OBJECTIVE: To identify a candidate biomarker reflecting biological changes during the preclinical progression of spinal and bulbar muscular atrophy (SBMA). METHODS: We analyzed longitudinal changes in biochemical parameters obtained during health examinations before and after the diagnosis of SBMA. We estimated trajectories of clinical markers across years from the onset of weakness using linear mixed models and compared these trajectories with those estimated for male healthy controls and patients with amyotrophic lateral sclerosis (ALS) and Parkinson disease (PD). Moreover, we examined the relationship between serum creatinine level and the onset of symptoms using Kaplan-Meier curves. RESULTS: Between October 2014 and October 2017, we enrolled 40 patients with genetically confirmed SBMA, 48 healthy controls, 25 patients with ALS, and 20 patients with PD. In patients with SBMA, we evaluated the patients' data for a period of 17.3 ± 7.5 years, including 11.4 ± 7.1 years of preclinical phase.

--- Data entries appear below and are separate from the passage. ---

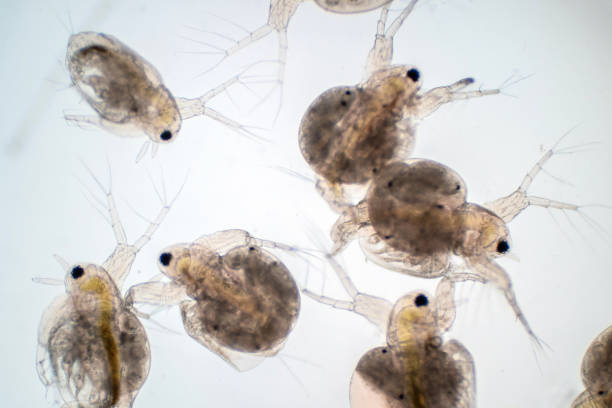 istock Water flea (Daphnia magna) is a small planktonic crustacean under microscope view for education. 1165616797
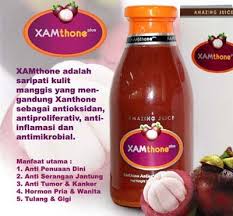 Kupas kulit kencur dan kunyit lalu cuci bersih semua bahan. Jual Herbal Xhamthone Plus Jus Kulit Manggis Di Lapak Sentral Herbal Bukalapak
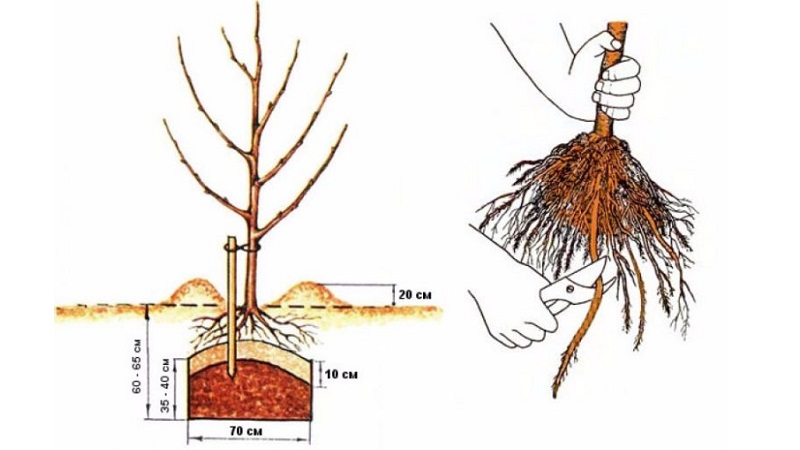 Anleitung für Gärtneranfänger: Wie man im Frühjahr einen Apfelbaum pflanzt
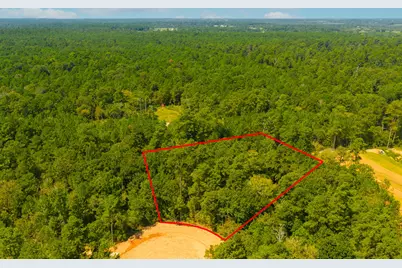 26426 Old Head Trail, Montgomery, TX 77316 - Photo 4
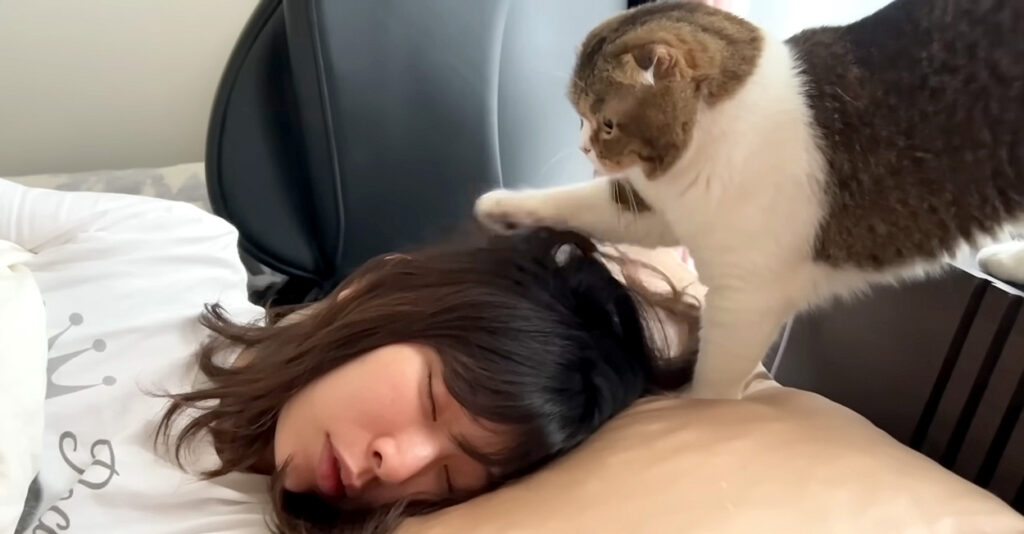かこ♡リピーター様リクエスト　特大猫様 mamakiai_cat_title-1024x534.jpg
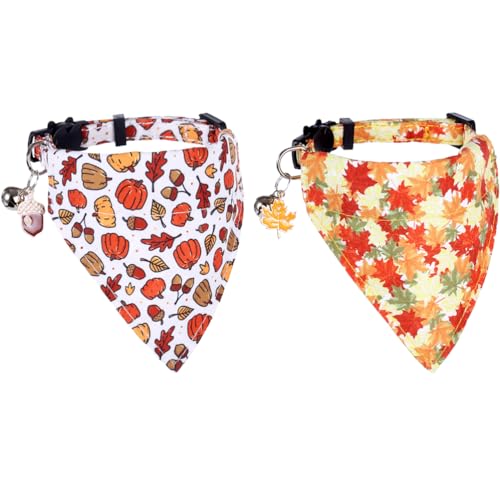 Thanksgiving Day Cat Collar Fall Breakaway with Bandana and Bell Autumn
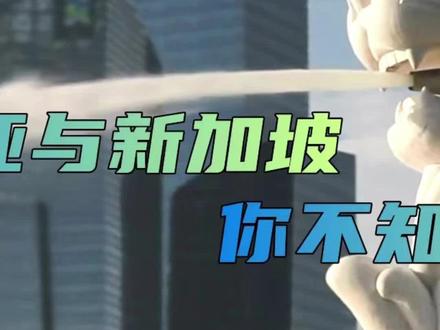 关于新加坡和马来西亚,你不知道的事 #马来西亚 #新加坡 #语言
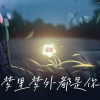 泽阳 - 梦里梦外都是你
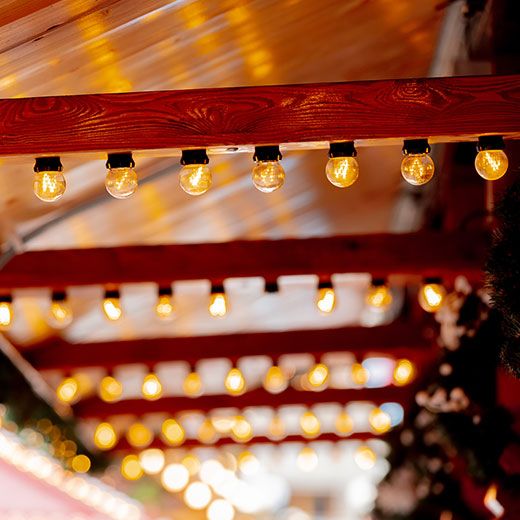 Outdoor Lighting Experts in Monroe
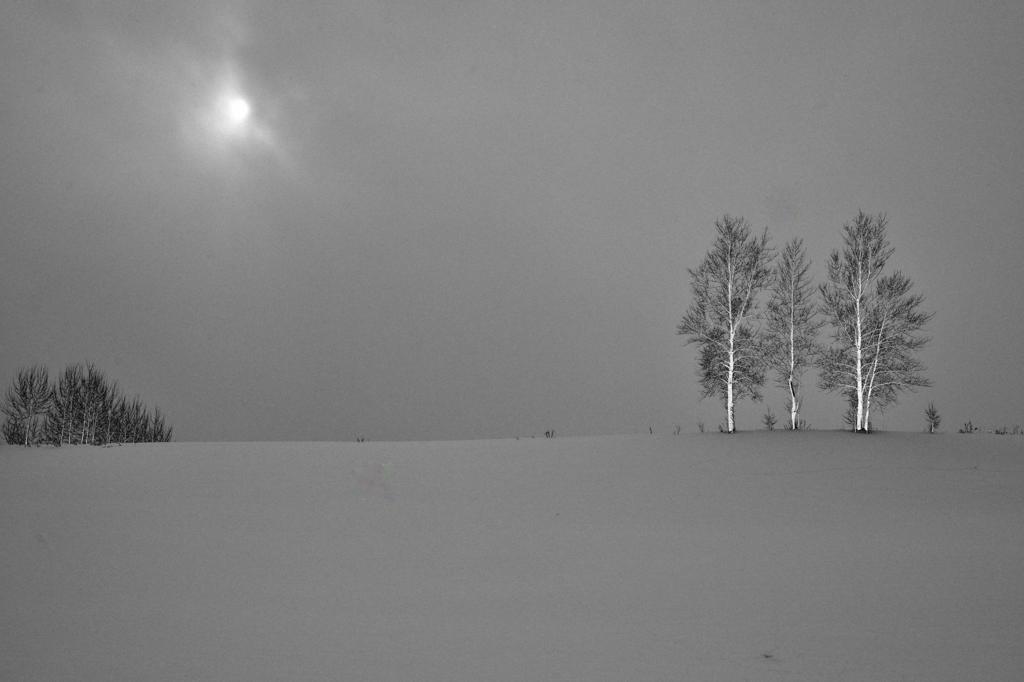 慕光ｰ2010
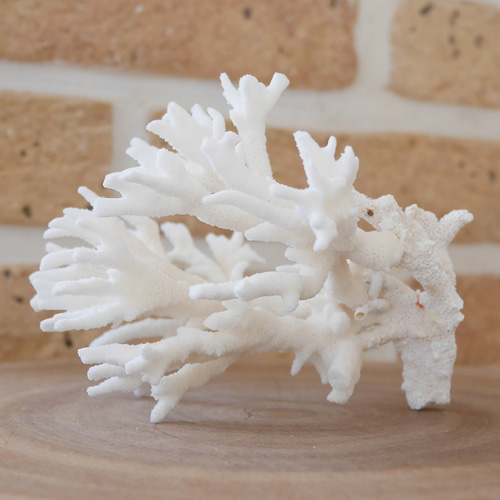沖縄県宮古島産 天然 サンゴ S 素材販売 インテリア エアープランツ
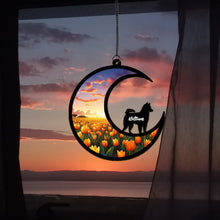 Load image into Gallery viewer, 捕光器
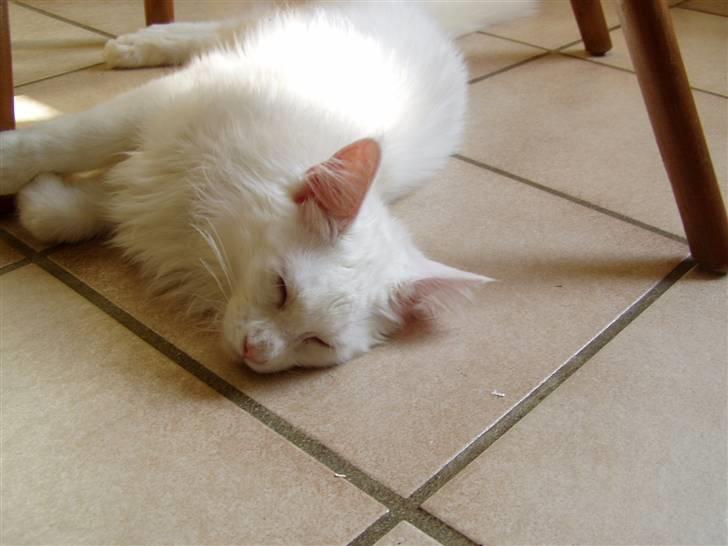 Maine Coon Vingsted's Icey billede 7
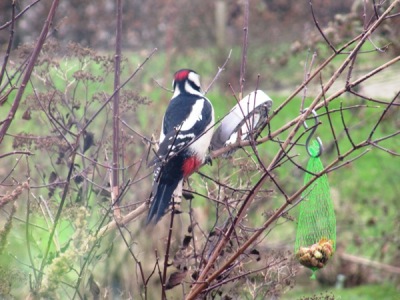 Buntspecht5_450.jpg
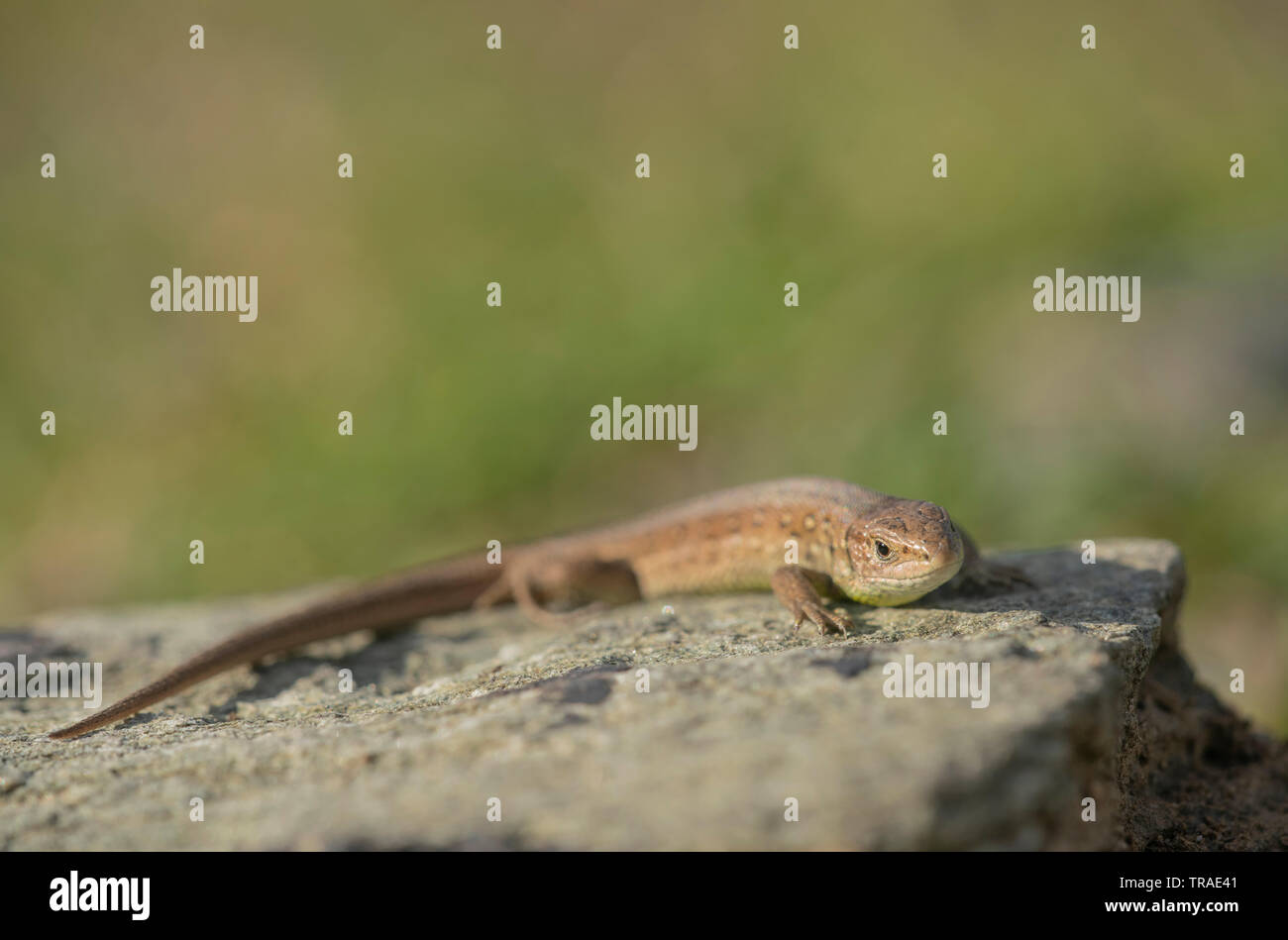 Sand lizard, Lacerta agilis, spring in Bulgaria. Stock Photo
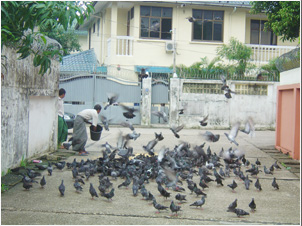 ミャンマーの小鳥は人々から餌を貰って暮らし。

Decreases in serum creatinine occurred >10 years before the onset. The mean serum creatinine concentration was 0.56 mg/dL at the onset of weakness in patients with SBMA compared to 0.88 ± 0.10 mg/dL on final evaluation in healthy controls. Serum levels of alanine transaminase and aspartate transaminase showed tendencies to increase in preclinical SBMA. These preclinical changes of biomarkers were not observed in either ALS or PD. CONCLUSIONS: Our findings suggest that serum creatinine begins to decrease before the onset of clinical symptoms and is a biomarker for disease progression and the efficacy of therapeutics in preclinical SBMA.